The entire proposal should not exceed six pages (excluding appended materials).
1. Describe the purpose of the proposed Center or Institute. Indicate why a separate
organizational structure is needed to fulfill this purpose. Include reference to the
relationship of the Center or Institute to the mission of the university, the Strategy for
Excellence, and to the mission of each college, school, unit, department or program of
which the Center or Institute will be a part. Include references to specific unit
‘scorecard’ indicators to which the Center or Institute will contribute.
The proposed Center for Information Assurance in the College of Business will bring together
faculty and students from all disciplines in the college to focus on Information Security. The
Computer Information Systems (CIS) department in the College of Business has an approved
concentration in Information Security since Fall 2004. This concentration has attracted students
from the School of Accountancy as well. Additionally, students from other College of Business
disciplines are showing interest in taking the InfoSec courses. Moreover, faculty from Computer
Information Systems, Accounting, Finance, and Economics departments work on various aspects
of information security related topics such as security audit, internal control, health care, and
privacy, in addition to developing new methods to detect network intrusion and design of secure
networks.
University of Louisville’s mission is to be a “premier metropolitan research university.” To
further this goal, the university has to contribute to the well being of the community. In this
case, we are able to fulfill this mission of the university to not only contribute to our local
community by helping educate our students but also to help the nation in protecting the critical
infrastructure. This fits well with the College of Business’ mission “To enhance the intellectual
and economic vitality of Louisville, Kentucky, the region, and the broader business community
through our academic programs, research, and community outreach activities.” For example, the
2. 2
CIS program developed a Memorandum of Agreement with the Jefferson Community College
(JCC) for enabling JCC students to “block transfer” credits to the InfoSec program in the College
of Business.
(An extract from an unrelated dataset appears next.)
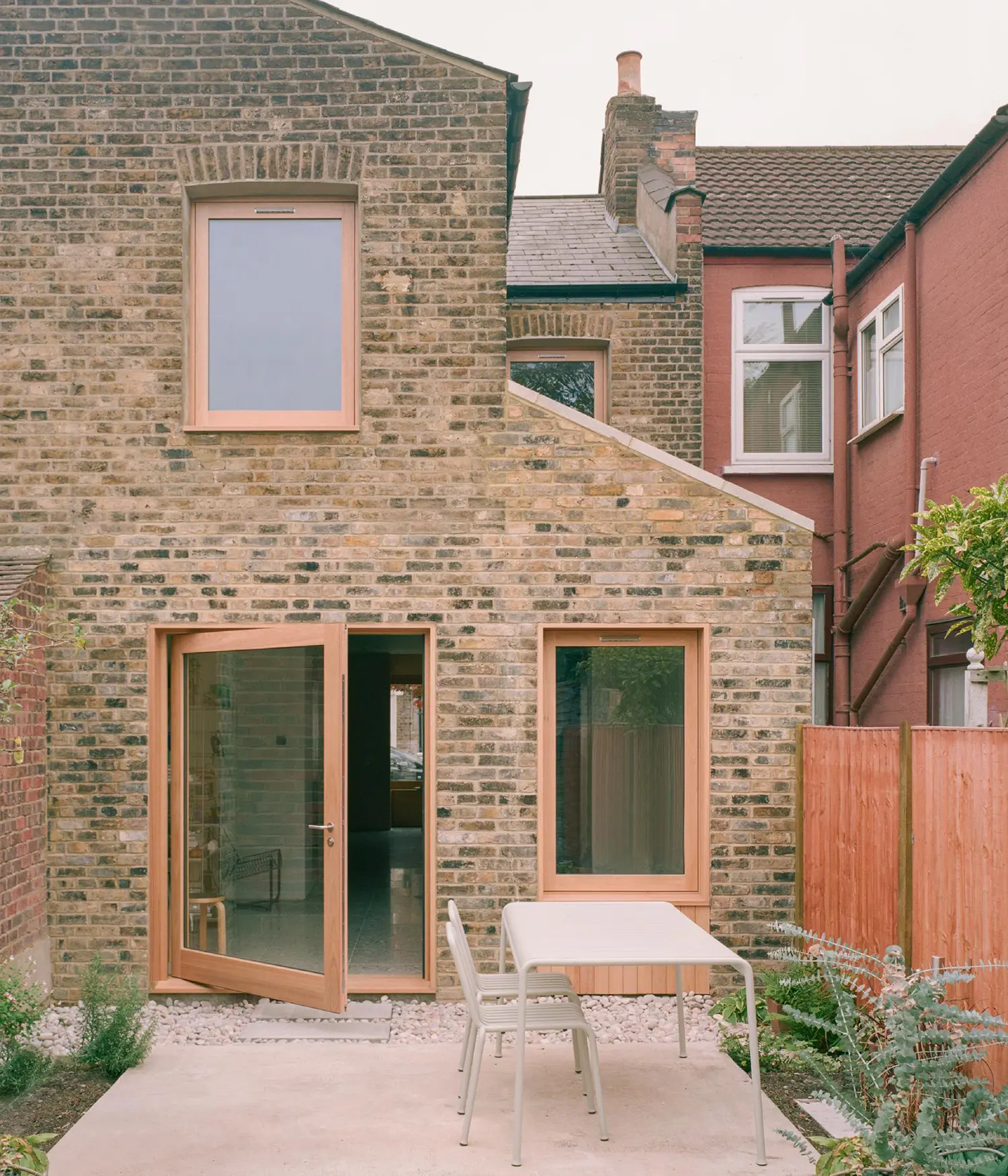 Rear view of a brick Victorian house extension with large timber-framed windows and a pivot glass door leading to a patio.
This initiative is being supported by a one-year Council on Postsecondary
Education (CPE) grant for $180,000. We already have a mechanism in place that enables high
school students to take dual credit courses with JCC and then complete their Associate Degree
from JCC before block transferring the credits to the InfoSec program in CIS. This program,
which is in effect for two years initially, will be expanded later to include all the colleges in the
Kentucky Community and Technical College System (KCTCS).
Moreover, the InfoSec program has signed a Memorandum of Agreement with Kentucky State
University for reciprocity of credits between the two institutions to further augment our InfoSec
course offerings. We have an ongoing collaboration with the Kentucky State University (a
Historically Black College/University) that enabled us to seek a collaborative grant from the
National Science Foundation (NSF) to enhance our information security infrastructure and
faculty development. We were successful in receiving a two-year $300,000 grant from NSF for
this purpose.
The Director of Information Technology Resource Center (iTRC) has been providing internships
for CIS students. The mission of iTRC is changing to focus more on meeting many of the
challenges that the Department of Homeland Security wants addressed. U of L has received
National Security Agency accreditation as a National Centers of Academic Excellence (CAE) in
Information Assurance Education. One of the requirements of NSA for CAE designation is to
have a dedicated center focused on information security. Since the College of Business has an
official concentration in InfoSec in the CIS undergraduate program and the two Memoranda of
Agreement with JCC and Kentucky State University, we are interested in creating the new
Center for Information Assurance in the College of Business at this time. Once we further
strengthen the InfoSec program within the university we plan to expand the Center to include the
other units on campus. We envision that taking place over a two to three year period.
We expect the Center to contribute to the following unit score card indicators:
1. Number of undergraduate students involved in research or creative activity in
collaboration with faculty (One InfoSec undergraduate student collaborated with faculty
last year and one other student is collaborating this year with a faculty member)
2. Total student scholarship awards (Specialized scholarships for InfoSec students are
available from NSF, the Department of Defense, and Department of Homeland Security.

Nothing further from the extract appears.